• **SUPPLIED MATERIAL**
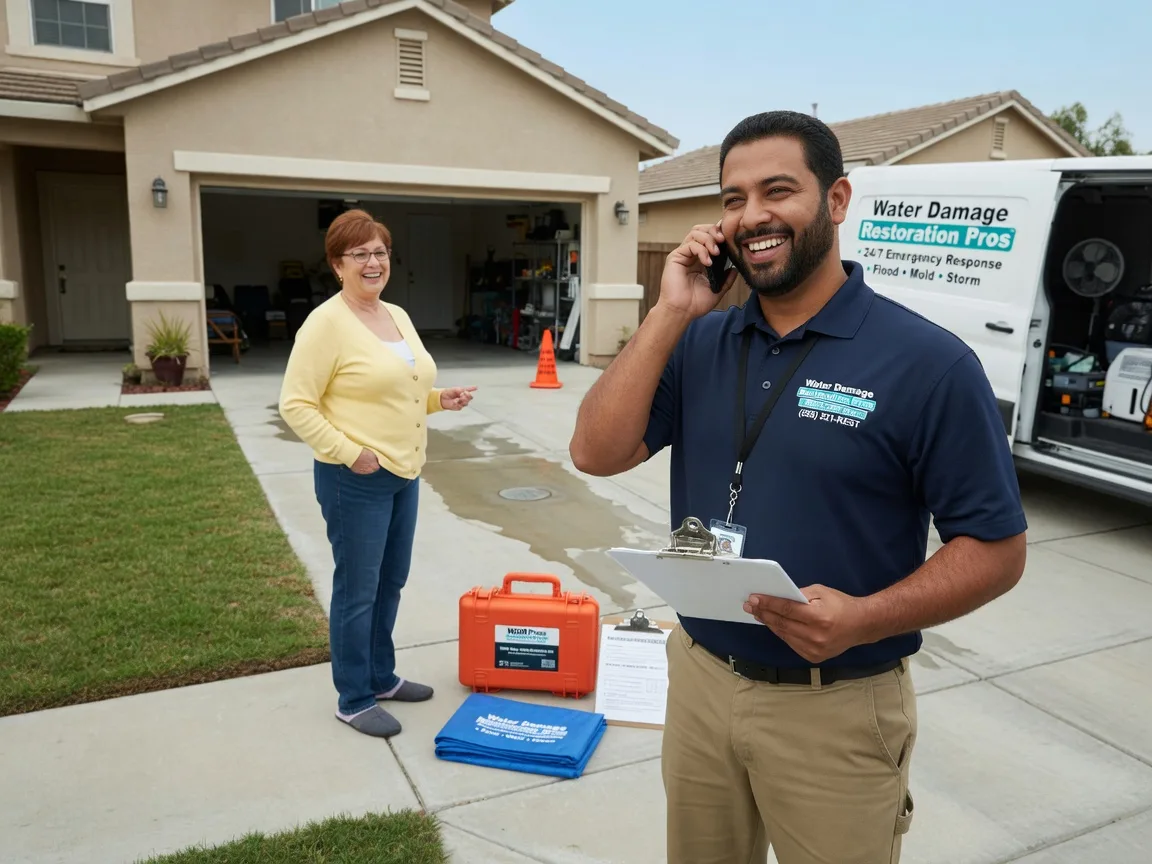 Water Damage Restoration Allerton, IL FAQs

...

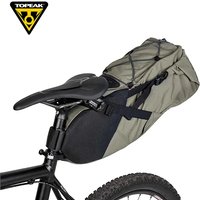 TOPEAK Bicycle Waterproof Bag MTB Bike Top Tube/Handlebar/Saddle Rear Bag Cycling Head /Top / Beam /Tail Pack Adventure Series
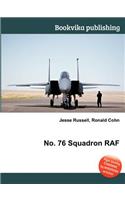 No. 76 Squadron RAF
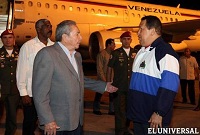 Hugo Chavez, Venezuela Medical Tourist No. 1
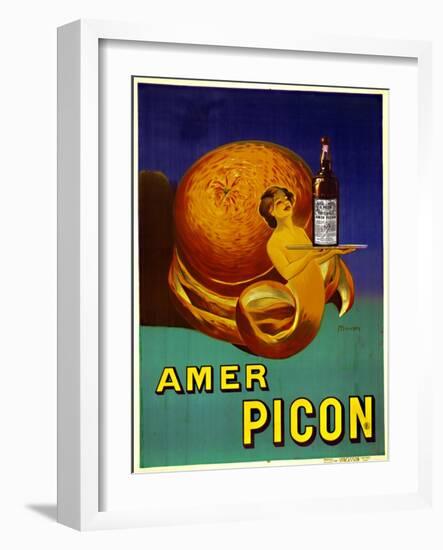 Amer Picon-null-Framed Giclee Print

• **PROBLEM**
Leaving every picture aside, reproduce exactly the lines above from the one with "Hugo Chavez, Venezuela Medical Tourist No. 1" up to and including the one with "Amer Picon-null-Framed Giclee Print", and no others.

• **RESPONSE**
 Hugo Chavez, Venezuela Medical Tourist No. 1
 Amer Picon-null-Framed Giclee Print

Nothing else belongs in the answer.